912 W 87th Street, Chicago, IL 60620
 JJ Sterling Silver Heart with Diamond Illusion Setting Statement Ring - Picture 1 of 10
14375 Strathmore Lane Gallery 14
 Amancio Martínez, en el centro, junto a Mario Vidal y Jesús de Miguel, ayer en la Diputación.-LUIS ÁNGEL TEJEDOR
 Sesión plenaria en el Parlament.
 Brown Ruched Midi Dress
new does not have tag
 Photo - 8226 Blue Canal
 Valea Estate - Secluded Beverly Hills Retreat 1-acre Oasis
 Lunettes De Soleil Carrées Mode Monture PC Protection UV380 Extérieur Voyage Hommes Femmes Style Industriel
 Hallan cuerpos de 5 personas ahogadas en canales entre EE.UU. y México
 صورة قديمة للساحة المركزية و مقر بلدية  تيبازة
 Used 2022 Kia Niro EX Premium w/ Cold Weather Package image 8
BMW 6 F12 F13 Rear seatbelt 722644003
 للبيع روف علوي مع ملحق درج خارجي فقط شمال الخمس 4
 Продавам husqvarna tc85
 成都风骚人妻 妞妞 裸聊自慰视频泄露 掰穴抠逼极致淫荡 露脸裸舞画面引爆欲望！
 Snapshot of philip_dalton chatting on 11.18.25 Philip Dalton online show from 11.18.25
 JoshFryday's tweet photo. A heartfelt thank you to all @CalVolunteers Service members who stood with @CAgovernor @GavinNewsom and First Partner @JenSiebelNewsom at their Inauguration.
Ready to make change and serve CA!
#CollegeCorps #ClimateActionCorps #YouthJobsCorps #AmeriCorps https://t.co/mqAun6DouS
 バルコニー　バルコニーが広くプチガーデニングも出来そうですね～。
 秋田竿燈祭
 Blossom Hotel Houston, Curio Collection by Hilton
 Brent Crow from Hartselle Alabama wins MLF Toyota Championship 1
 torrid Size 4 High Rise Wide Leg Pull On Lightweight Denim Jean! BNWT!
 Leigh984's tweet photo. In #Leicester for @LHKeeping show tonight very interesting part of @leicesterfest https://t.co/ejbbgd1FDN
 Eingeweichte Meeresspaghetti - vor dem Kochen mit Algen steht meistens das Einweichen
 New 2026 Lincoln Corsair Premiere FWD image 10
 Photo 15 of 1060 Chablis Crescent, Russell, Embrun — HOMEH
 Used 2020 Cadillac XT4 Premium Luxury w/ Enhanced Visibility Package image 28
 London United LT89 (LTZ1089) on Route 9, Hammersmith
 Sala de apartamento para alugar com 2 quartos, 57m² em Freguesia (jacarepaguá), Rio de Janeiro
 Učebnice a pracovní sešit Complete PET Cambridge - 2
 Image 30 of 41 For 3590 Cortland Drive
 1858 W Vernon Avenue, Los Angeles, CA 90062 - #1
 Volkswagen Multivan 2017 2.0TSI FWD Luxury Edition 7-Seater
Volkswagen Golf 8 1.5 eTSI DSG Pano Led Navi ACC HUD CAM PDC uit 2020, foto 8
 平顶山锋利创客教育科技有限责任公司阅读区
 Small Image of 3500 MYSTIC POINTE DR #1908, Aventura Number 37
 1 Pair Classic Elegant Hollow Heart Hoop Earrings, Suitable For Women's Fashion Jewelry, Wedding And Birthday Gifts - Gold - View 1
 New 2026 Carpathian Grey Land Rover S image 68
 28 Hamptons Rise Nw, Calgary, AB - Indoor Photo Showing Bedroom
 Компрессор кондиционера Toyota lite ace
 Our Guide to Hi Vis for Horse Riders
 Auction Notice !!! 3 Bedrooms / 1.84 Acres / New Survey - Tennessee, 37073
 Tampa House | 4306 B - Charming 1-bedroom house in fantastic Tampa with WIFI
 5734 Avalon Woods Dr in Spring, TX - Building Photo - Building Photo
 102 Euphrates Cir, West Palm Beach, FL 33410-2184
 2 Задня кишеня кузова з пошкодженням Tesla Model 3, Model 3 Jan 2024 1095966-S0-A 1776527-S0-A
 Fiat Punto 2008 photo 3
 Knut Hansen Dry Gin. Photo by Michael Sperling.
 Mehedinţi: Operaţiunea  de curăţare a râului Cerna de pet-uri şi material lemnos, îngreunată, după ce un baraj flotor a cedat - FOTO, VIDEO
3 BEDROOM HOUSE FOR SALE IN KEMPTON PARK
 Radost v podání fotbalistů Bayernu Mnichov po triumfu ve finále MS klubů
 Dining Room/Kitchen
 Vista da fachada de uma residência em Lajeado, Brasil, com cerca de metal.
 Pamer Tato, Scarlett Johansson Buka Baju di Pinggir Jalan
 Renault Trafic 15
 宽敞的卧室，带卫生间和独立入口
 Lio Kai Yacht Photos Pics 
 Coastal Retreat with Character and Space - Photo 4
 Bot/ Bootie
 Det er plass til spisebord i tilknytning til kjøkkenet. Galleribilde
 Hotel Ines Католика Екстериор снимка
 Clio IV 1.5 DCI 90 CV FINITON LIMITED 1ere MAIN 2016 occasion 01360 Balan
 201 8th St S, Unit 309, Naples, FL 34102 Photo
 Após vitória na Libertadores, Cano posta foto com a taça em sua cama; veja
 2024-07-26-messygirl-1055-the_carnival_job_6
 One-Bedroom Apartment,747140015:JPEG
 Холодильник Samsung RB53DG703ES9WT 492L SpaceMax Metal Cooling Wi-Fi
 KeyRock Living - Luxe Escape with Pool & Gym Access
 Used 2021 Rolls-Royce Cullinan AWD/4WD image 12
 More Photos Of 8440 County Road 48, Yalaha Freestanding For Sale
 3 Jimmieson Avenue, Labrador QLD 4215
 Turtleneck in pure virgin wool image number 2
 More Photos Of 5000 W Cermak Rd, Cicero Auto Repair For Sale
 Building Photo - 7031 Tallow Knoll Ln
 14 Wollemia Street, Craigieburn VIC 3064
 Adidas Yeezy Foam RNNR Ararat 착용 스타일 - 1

= = = = =

Only the lines from the one containing "Turtleneck in pure" through the last line of the records belong in the answer, each written out exactly.

• [RESPONSE TO THE EXERCISE]
 Turtleneck in pure virgin wool image number 2
 More Photos Of 5000 W Cermak Rd, Cicero Auto Repair For Sale
 Building Photo - 7031 Tallow Knoll Ln
 14 Wollemia Street, Craigieburn VIC 3064
 Adidas Yeezy Foam RNNR Ararat 착용 스타일 - 1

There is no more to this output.